**Task description:** The entries below contain pictures, which are to be left out; write out exactly, and only, the lines from the line with "Cool Military Weapon" up to and including the line with "Isabel Marant White".

Brief descriptive captions
.....
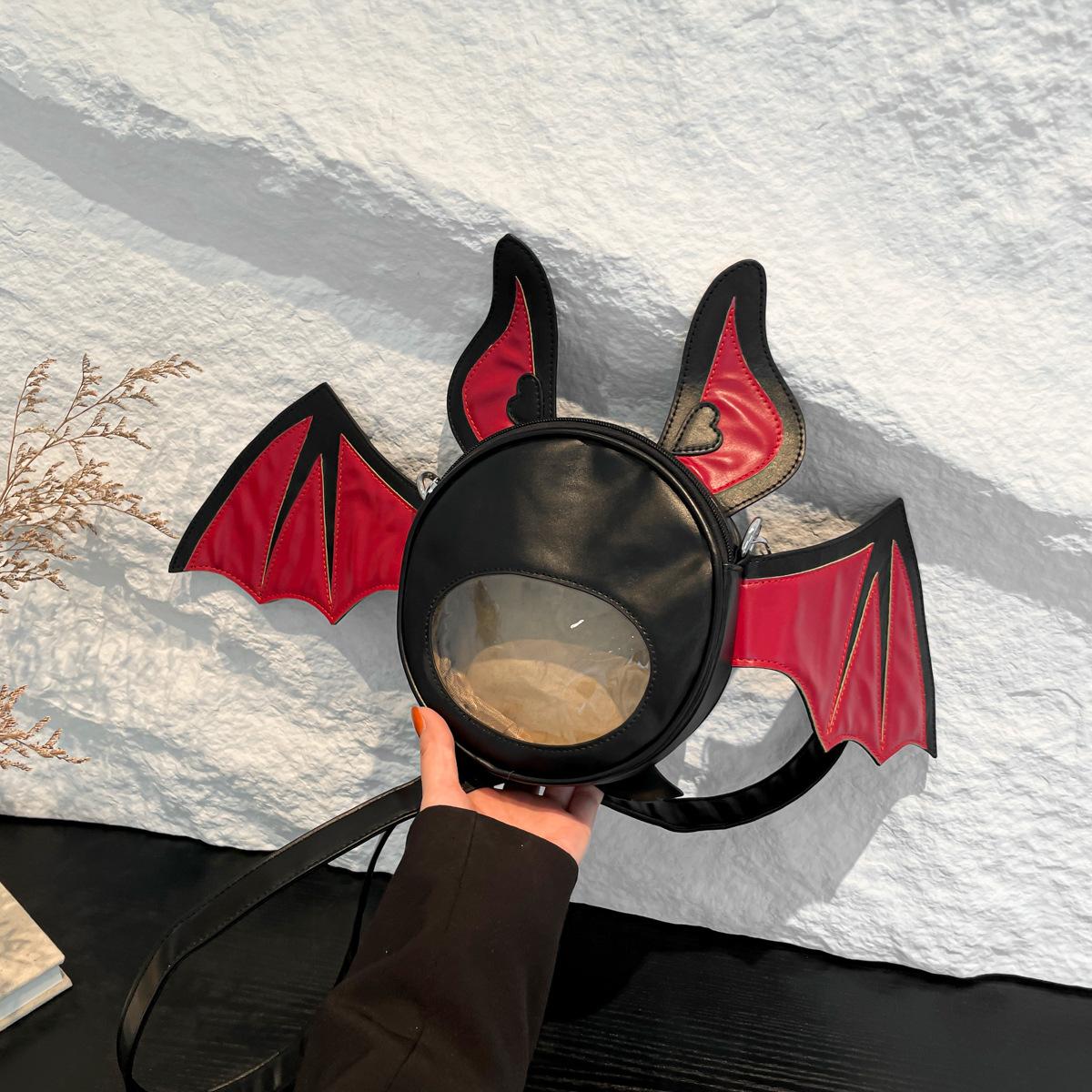 

сумки хэллоуин летучая мышь маленькая сумка сумка 2025 новый европейский и американский модный смешной через плечо женская кроссбоди маленькая круглая сумка pu чёрный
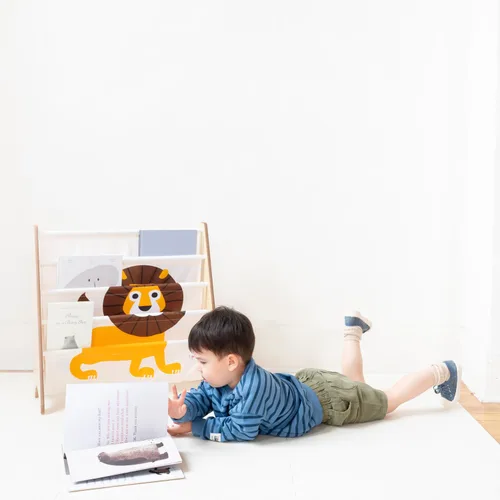 Vista 2 de 3 Sprouts Book Rack – Kids Storage Shelf Organizer Baby Room Bookcase Furniture, con estampado de león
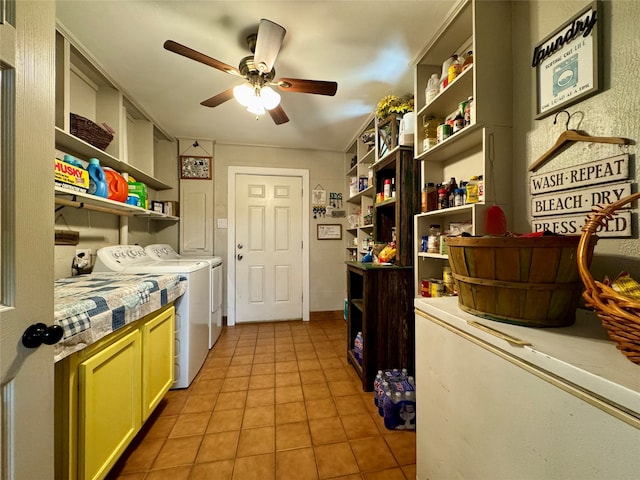 kitchen with separate washer and dryer, ceiling fan, and light tile floors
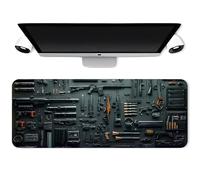 Cool Military Weapon Build Weapon Parts Display Large Gaming Mouse Pad, Military Parts Mouse Pad,With Non-Slip Rubber, for Laptop & Desktop Use (Style C,40 × 90 cm)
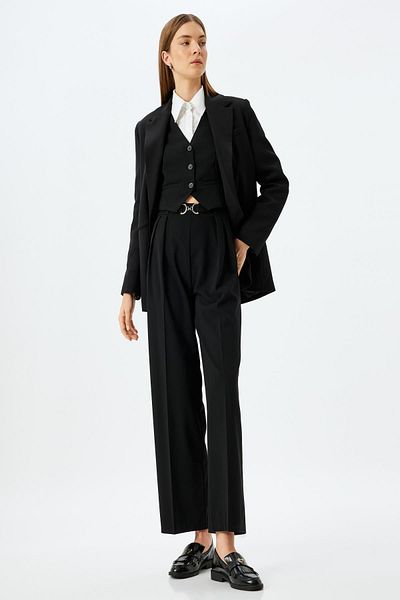 Koton Women's Black Pants 5Wak40184Uw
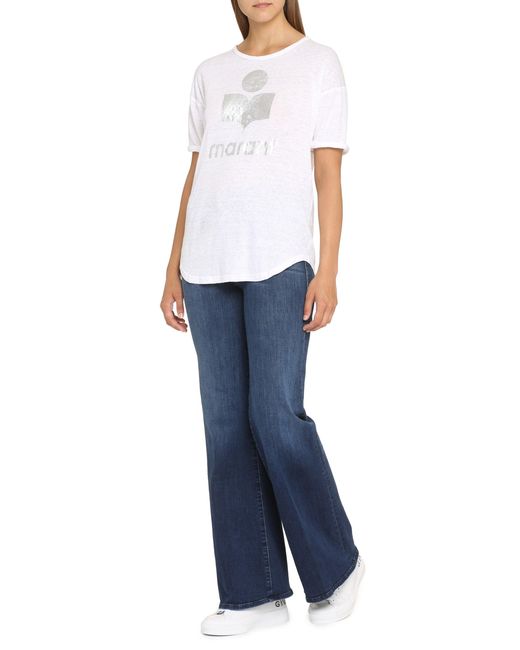 Isabel Marant White Linen Zewel T-Shirt With Logo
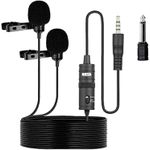 product_image_name-Generic-BY-M1DM Plastic Microphone Dual Omni Directional Lavalier Mic With Two Small Clip And Two Foam Windscreen For Smart Phone - Black-8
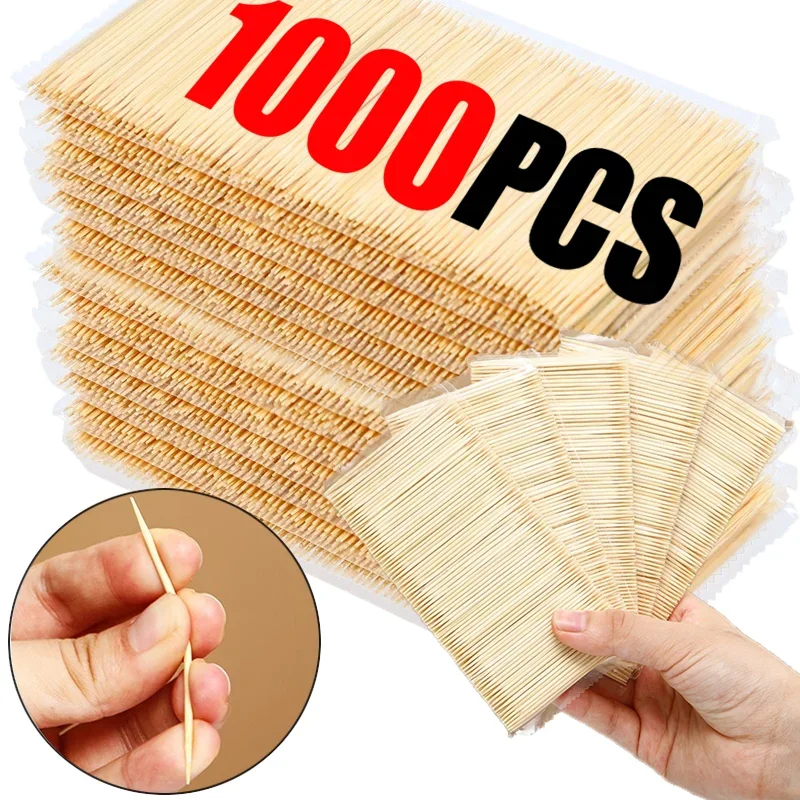 1000Pcs Einweg Doppelköpfige Zahnstocher Bambus Material Kuchen Obst Brot Dessert Zahnstocher Tragbare Zähne Reinigung Werkzeuge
.....
**Answer for the task:**
 Cool Military Weapon Build Weapon Parts Display Large Gaming Mouse Pad, Military Parts Mouse Pad,With Non-Slip Rubber, for Laptop & Desktop Use (Style C,40 × 90 cm)
 Koton Women's Black Pants 5Wak40184Uw
 Isabel Marant White Linen Zewel T-Shirt With Logo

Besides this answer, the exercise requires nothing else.